L’APE regroupe des agents issus de la fonction publique mais aussi du secteur privé, dont l’action est rythmée par le temps de l’entreprise (échéances de gouvernance, projets stratégiques…).
L’APE accompagne les entreprises de son portefeuille en actionnaire de long terme, soucieux de leur performance durable au regard de critères financiers mais aussi extra- financiers.
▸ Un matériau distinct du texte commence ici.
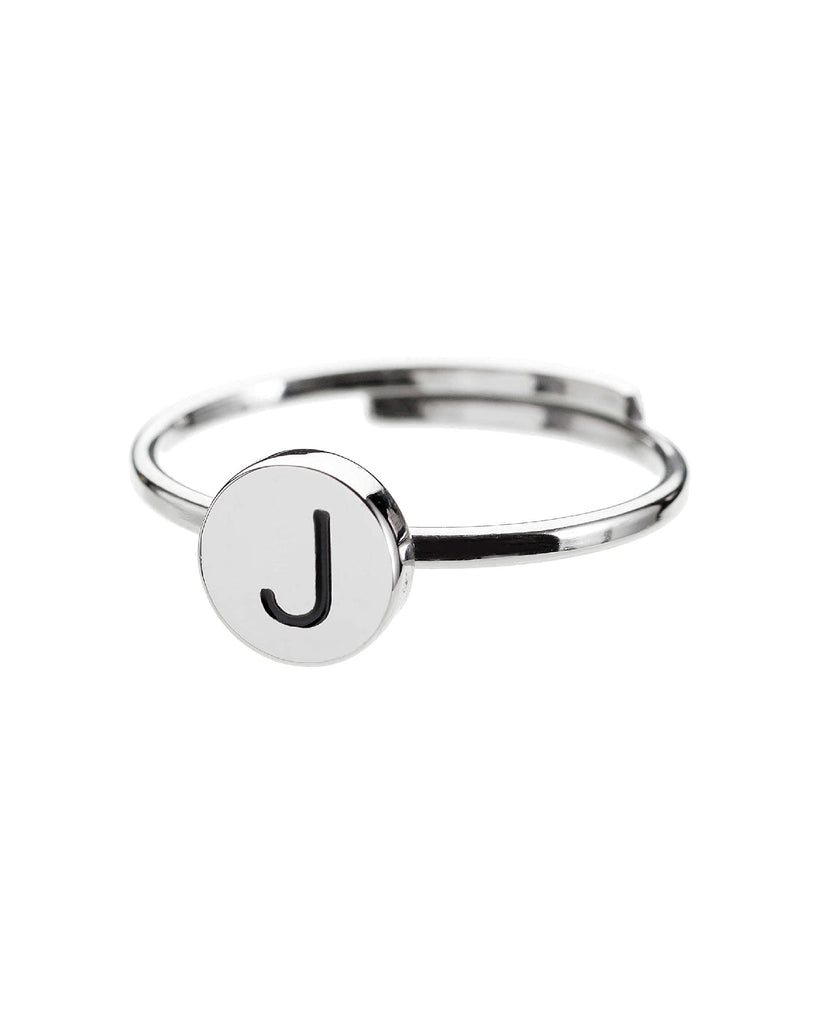 Anello con lettera "J" - Gioielleria Fondente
A cet égard, nous sommes soucieux que la responsabilité sociale, sociétale et environnementale (RSE) soit prise en compte dans leur stratégie.
Comment y veillez-vous ?
L’APE porte une attention particulière à ce que les entreprises dont elle est actionnaire déploient des politiques de RSE, s’appuyant sur les meilleures pratiques existantes, et qu’elles intègrent des indicateurs extra-financiers dans leurs outils de pilotage stratégique. Ces questions sont d’ailleurs de plus en plus évoquées dans les instances de gouvernance de nos entreprises.
L’APE réfléchit actuellement à la formalisation de cette approche dans la doctrine de l’Etat actionnaire.
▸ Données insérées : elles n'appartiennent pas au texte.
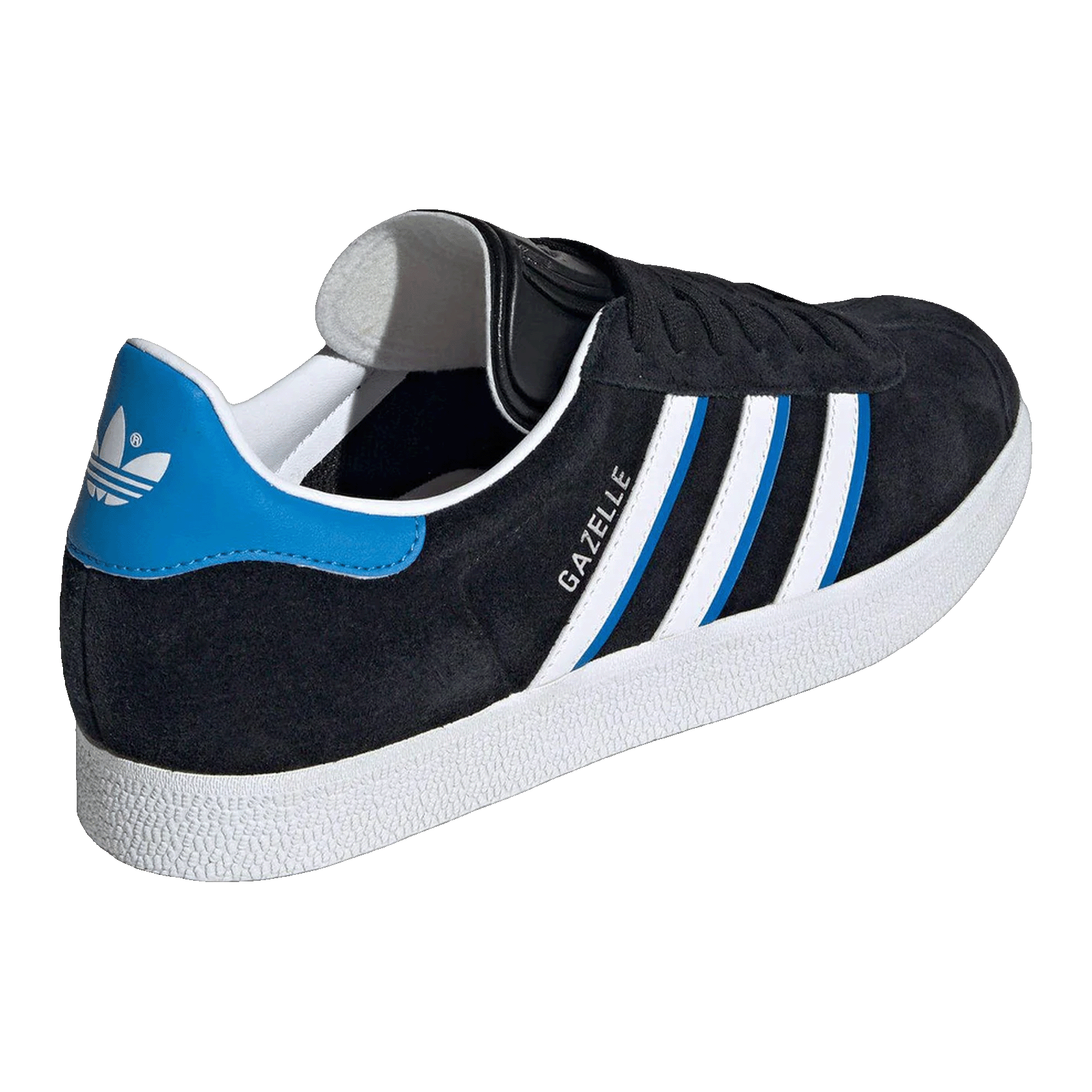 adidas Gazelle Core Black Bright Blue Back IG6193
Quelle est l’étendue des responsabilités de l’APE ?
L’APE propose des positions sur tous les sujets relevant des prérogatives de l’Etat actionnaire (stratégie des entreprises du portefeuille, désignation et rémunération de leurs dirigeants, comptes et information financière, politique de distribution des dividendes, gouvernance, évolution de leur capital…), en liaison avec l’ensemble des ministères et autres administrations chargés de définir et de mettre en œuvre les autres responsabilités de l’Etat. Une fois les positions arrêtées par le Ministre ou le Gouvernement, l’APE les met en œuvre.
L’APE gère aujourd’hui un portefeuille de 81 entreprises.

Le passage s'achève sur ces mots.